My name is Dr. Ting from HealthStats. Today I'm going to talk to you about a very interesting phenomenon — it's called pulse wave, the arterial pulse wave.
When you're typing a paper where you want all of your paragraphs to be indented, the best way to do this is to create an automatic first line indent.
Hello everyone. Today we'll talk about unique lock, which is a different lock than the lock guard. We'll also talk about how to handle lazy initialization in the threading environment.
_ _ _ _ _ _ _
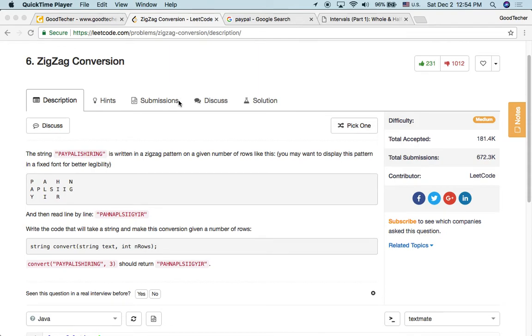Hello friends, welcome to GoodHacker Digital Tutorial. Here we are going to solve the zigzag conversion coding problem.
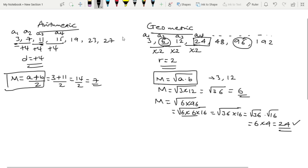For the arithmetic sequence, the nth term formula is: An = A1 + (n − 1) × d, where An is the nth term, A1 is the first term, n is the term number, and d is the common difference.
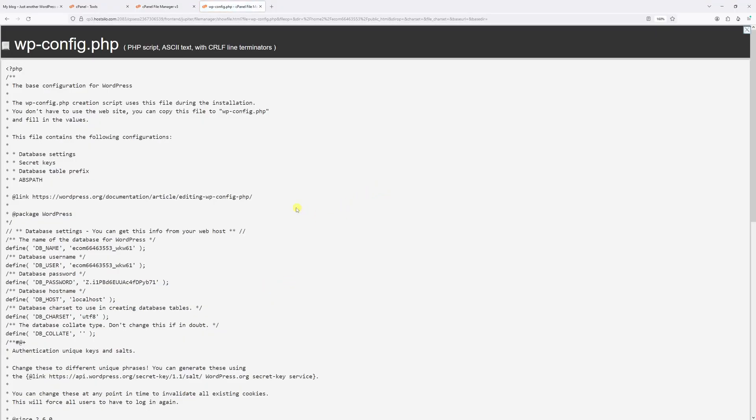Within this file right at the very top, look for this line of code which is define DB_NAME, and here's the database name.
_ _ _ _ _ _ _
**Prompt**
Print, word for word, the lines above that run from the line containing "For the arithmetic" to the line containing "Within this file", both included. Keep the pictures out.

**Response for this exercise**
For the arithmetic sequence, the nth term formula is: An = A1 + (n − 1) × d, where An is the nth term, A1 is the first term, n is the term number, and d is the common difference.
Within this file right at the very top, look for this line of code which is define DB_NAME, and here's the database name.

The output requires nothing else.